*63Opinion of the Court.
THIS was an action of ejectment. Both the lessor of the plaintiff and the defendant claim title under their father, Moses Thomas. The lessor of the plaintiff derives title in virtue of a deed of gift made to him by his father in his lifetime, shortly before his death; and the defendant claims under the will of his father. The tract so conveyed to the lessor of the plaintiff, and that devised to the defendant interfere in a small part, which constitutes the subject of controversy in this suit. On the trial, after the defendant had read the will of his father in evidence, he offered testimony, for the purpose of proving that the lessor of the plaintiff had falsely represented to the testator, that he and his brother, the defendant, had come to an agreement to exchange a part of their lands, and thereby induced the testator to execute the deed to the lessor of the plaintiff, so as to include a part of the tract which he had designed for the defendant.
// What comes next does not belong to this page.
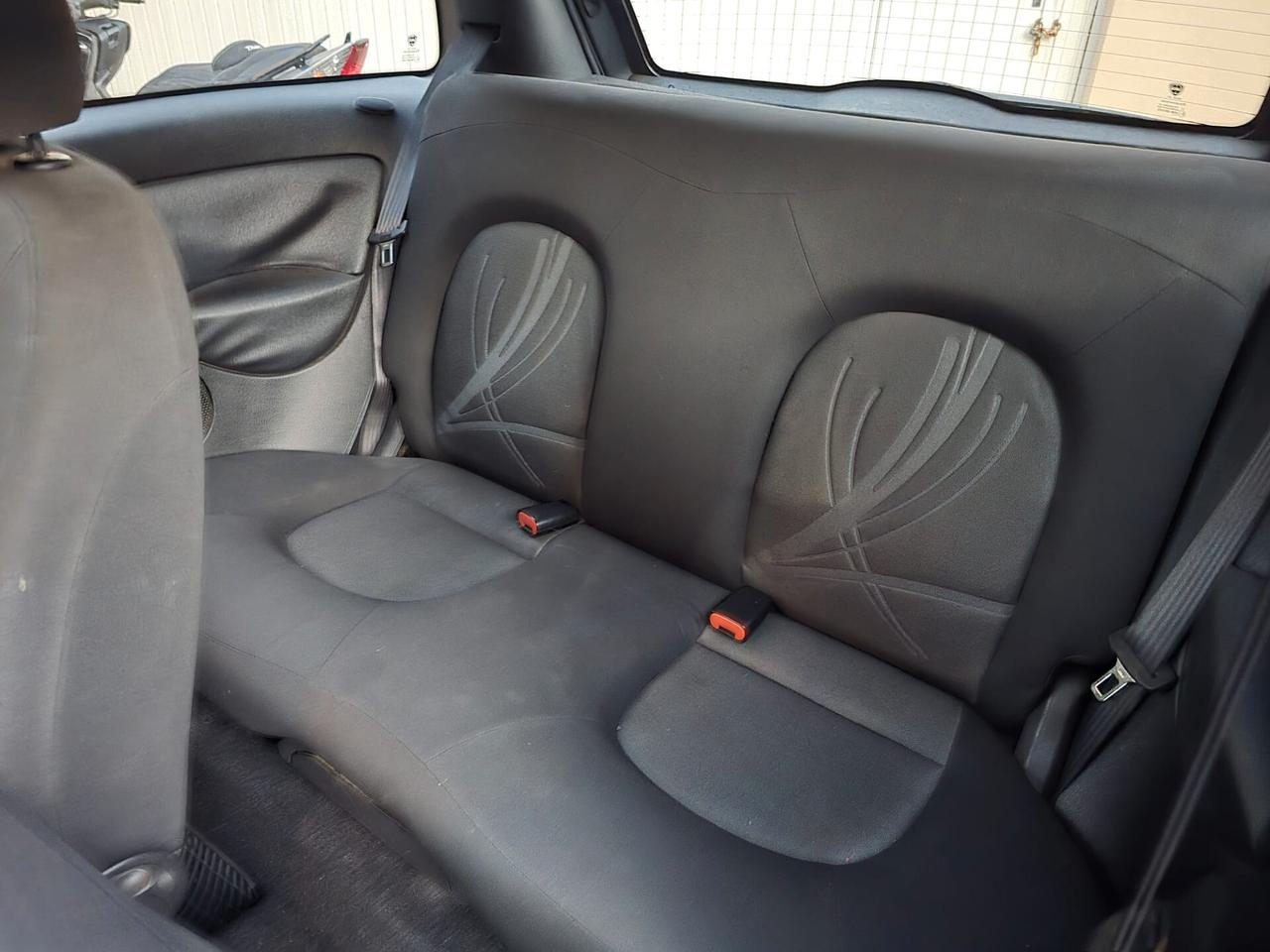 Lancia Ypsilon 1.2 69 CV Diva perfetta unico proprietario 70 mila km possibilita garanzia 12 mesi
To the admission of the testimony, for the purpose of proving the fraud in obtaining his deed, the lessor of the plaintiff objected ; but the court overruled the objection and permitted the testimony to go to the jury; to which the lessor of the plaintiff excepted, and a verdict and judgment having been rendered against him, he has brought the case to this court by writ of error.
1. The testimony objected to by the lessor of the plaintiff, was, we think, improperly admitted by the circuit court. The alleged fraud in obtaining the deed by the lessor of the plaintiff from his father, might, no doubt, if sufficiently proved, justify a court of equity in giving relief to the defendant; but it cannot, we apprehend, furnish a legitimate ground for an available defence at law.
2. It is true, where there is fraud in the execution of a deed, whereby it is rendered wholly void, the fraud may be taken advantage of in a court of law, as well as in a court of equity. But the alleged fraud, in this *64case, was only in the inducement to the execution of the deed, and affects it only in part, and a small part too. As a deed cannot, under such circumstances be deemed wholly void, and as it would he manifestly absurd, to consider it void as to part, and good as to the residue, it is clear, that a court of law is incompetent to afford relief that would be commensurate with the demands of justice. Such relief, however, a court of equity is fully able to afford, not by treating the deed as void in any part, but by considering the lessor of the plaintiff as a trustee for the defendant, for so much of the land as he had improperly obtained a title to, and compelling him to surrender it.
The judgment must, therefore, be reversed with costs, and the cause be remanded, for new proceedings to be had, not inconsistent with the foregoing opinion.